With the sound absorption qualities, one may consider putting carpet in their studios to reduce echo. However, many sound engineers and experts do not recommend using carpets for professional settings.
Carpets are known to be absorbers of mid and high-frequency sounds, those you’d find on houses. Dog barks, human speech, and audio coming from the television are examples of these.
One might think that since carpets absorb mid to high-frequency sounds, it might work in their favor to put them into studios.
However, studios are incredibly delicate areas, and the bass that the carpet has not absorbed may heavily hamper the acoustic experience of an artist.
The cause of this effect is that the reflected bass results from the carpet’s thinness and structure. Studios with carpets will experience acoustics with a strange, low-pass filter and will have a “booming” quality.

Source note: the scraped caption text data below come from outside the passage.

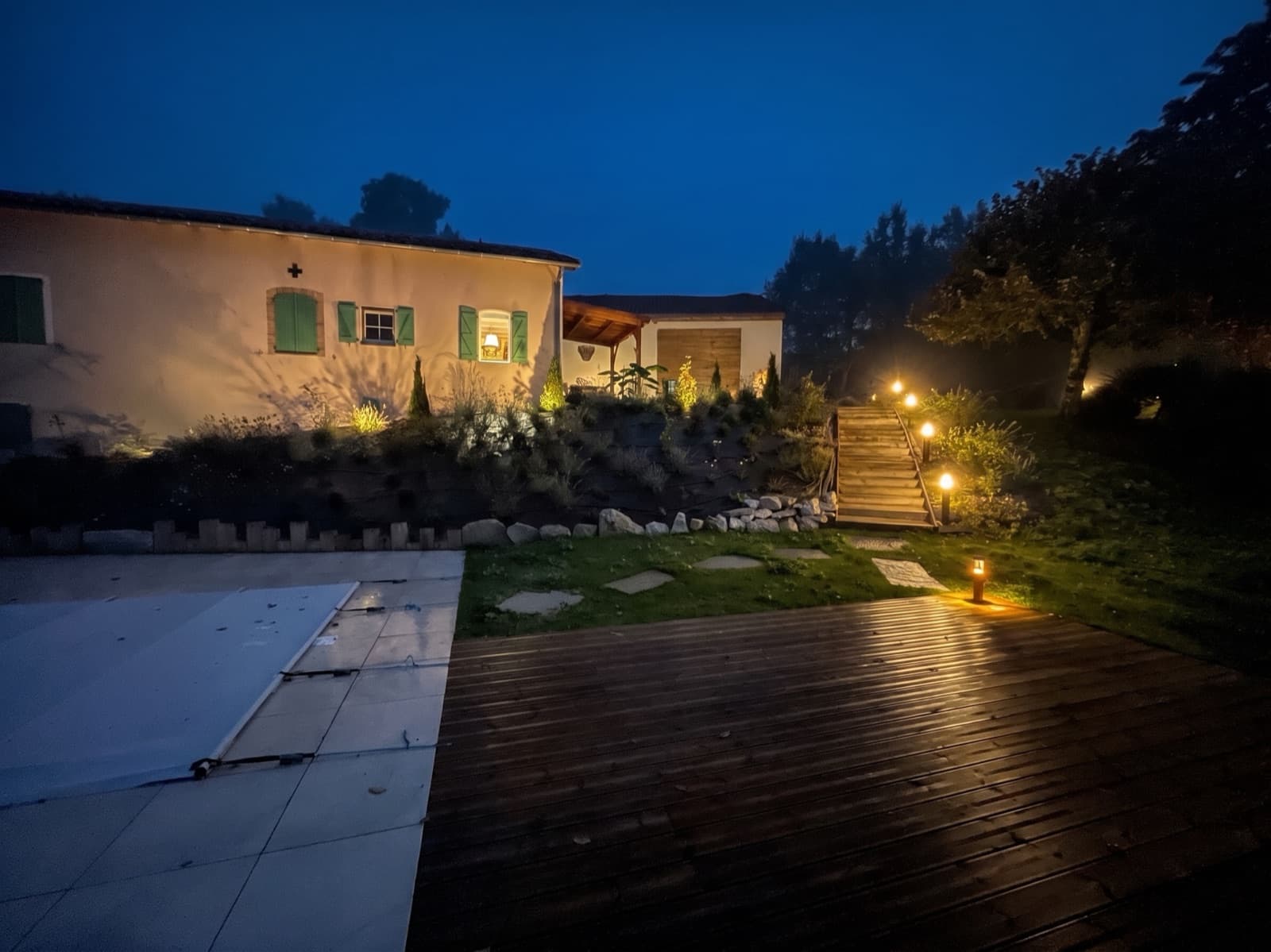 Jardin paysager et terrasse mis en lumière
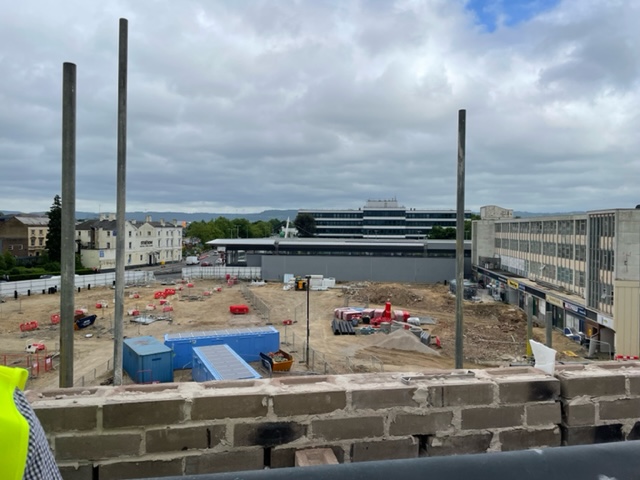 CE_Glos's tweet photo. Our sold-out event, the site visit and tour of King's Quarter, Gloucester hosted by @EGCarterCoLtd , @Quattro_Design &amp; Reef Group. 

Upcoming events➡️ https://t.co/3eAHlDabtz 

#constructingevents #constructionnetoworking
#gloucester 
#constructionsector #sitevisit
 #constr ... https://t.co/5atjIdWthM
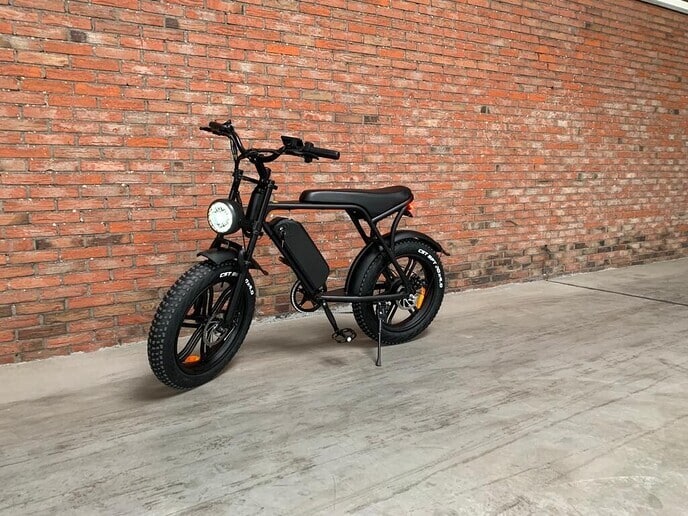 Wat zijn de verschillen tussen de Ouxi V8 en V20 fatbike?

So if this is the case, what exactly is the appropriate flooring material for floors? Oddly, the most appropriate flooring for studios is just a bare concrete floor, unpainted. Not very beautiful.
This part is where most of the people get confused. Hard surfaces were supposed to be the antagonists when it comes to acoustics. What happened to that?
Yes, even though hard surfaces are the enemy of acoustics, a hard floor is better to balance out the room. So a treated wall and window will balance this out with the untreated floor to have a more natural sound, especially when compared to either an utterly untreated room or a dead room (fully treated room).
The reasoning behind this is that our Brain trained our ears to associate echoes with nature, and so, a little bit of echo from the hard floor will be enough.
Frequently Asked Questions About Sound and Carpets
Are there better choices for sound absorption when it comes to carpets?
Acoustic carpets are carpets made exclusively to be excellent acoustically. Acoustic carpets are known to block out and absorb sounds effectively while staying stylish and premium-looking.
Where are the optimal places to put carpets for sound absorption?
There are many places where one may want sound absorption and good acoustics. It has been shown in many studies that good sound absorption in work environments helps boost productivity and reduce workplace stress.
Aside from carpets, what are good household furniture or items for sound absorption?
Recommended are foam tiles, bookshelves, weather stripping, and more items for sound absorption.
Bookshelves, in particular, specifically those floor-to-ceiling bookshelves, are fantastic at absorbing sound. Since bookshelves have a ton of mass, they also absorb many sounds, thus creating a much quieter environment.